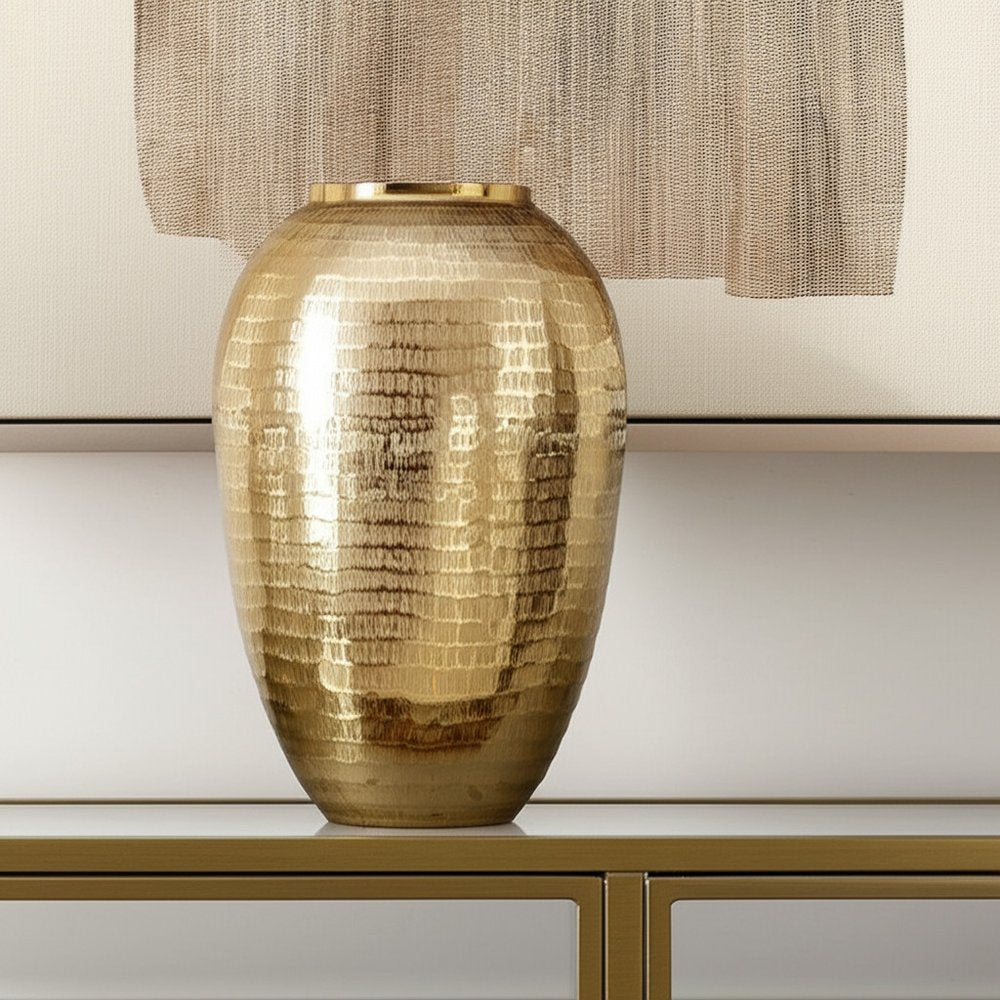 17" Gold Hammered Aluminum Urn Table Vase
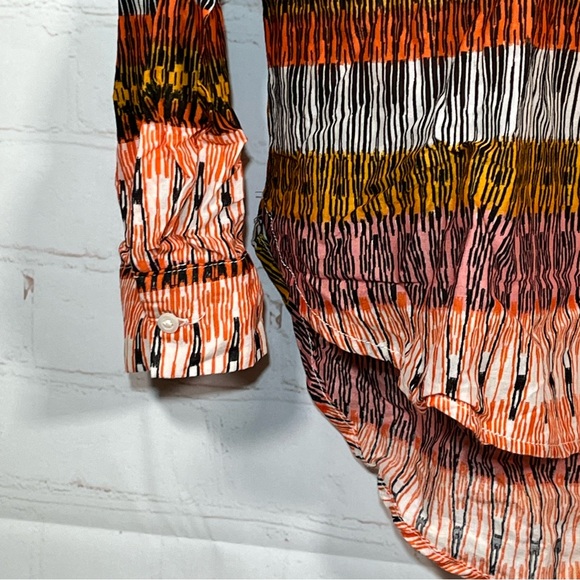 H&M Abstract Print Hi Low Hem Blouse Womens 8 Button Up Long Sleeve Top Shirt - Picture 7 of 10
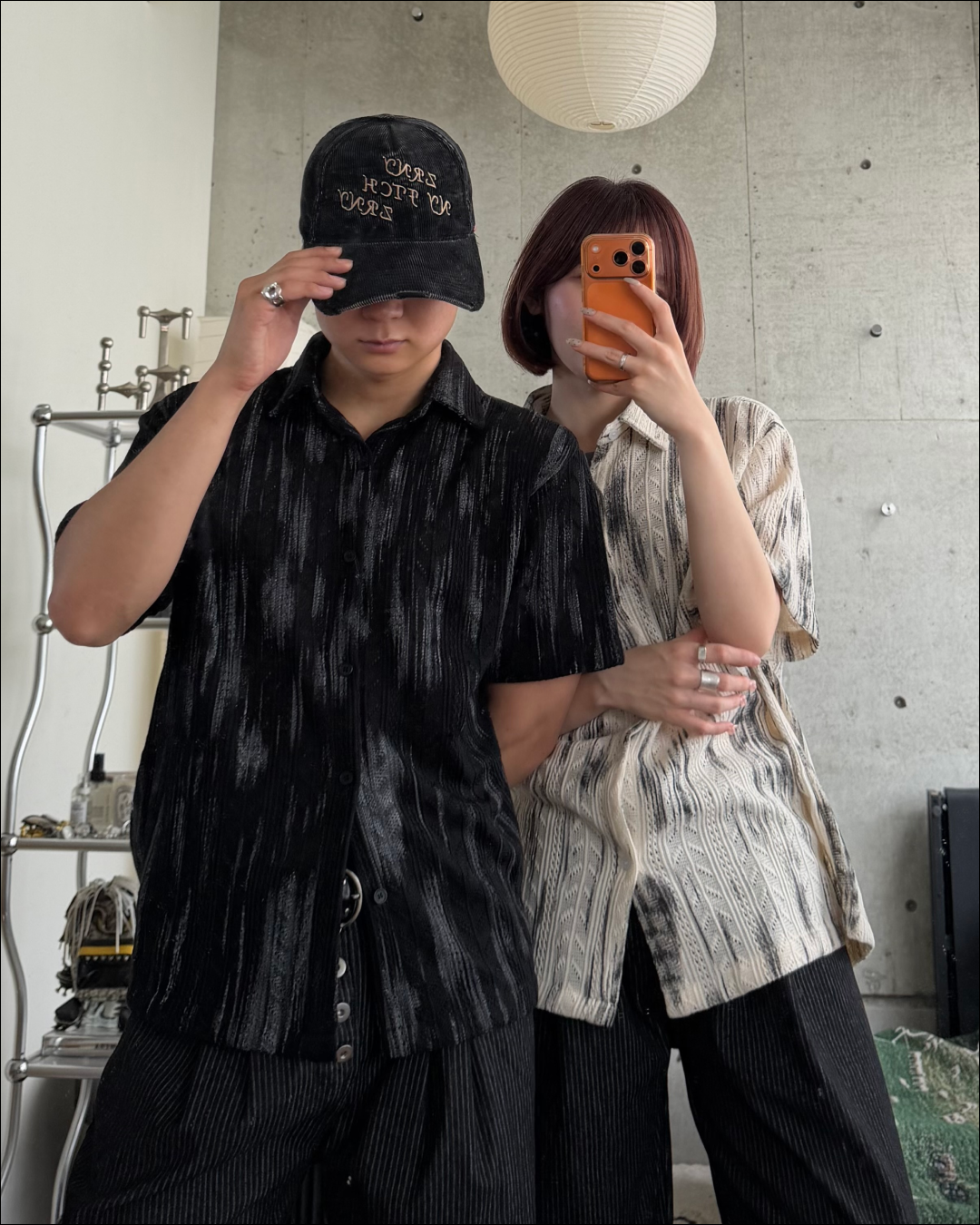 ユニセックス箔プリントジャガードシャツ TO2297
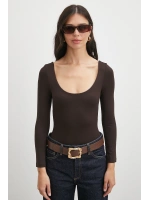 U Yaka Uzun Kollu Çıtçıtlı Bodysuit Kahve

→ TASK ITEM: Your task is to retype exactly the lines that run from the line with "H&M Abstract Print" through the last line of the material, with the pictures left out.

→ EXERCISE OUTPUT:
 H&M Abstract Print Hi Low Hem Blouse Womens 8 Button Up Long Sleeve Top Shirt - Picture 7 of 10
 ユニセックス箔プリントジャガードシャツ TO2297
 U Yaka Uzun Kollu Çıtçıtlı Bodysuit Kahve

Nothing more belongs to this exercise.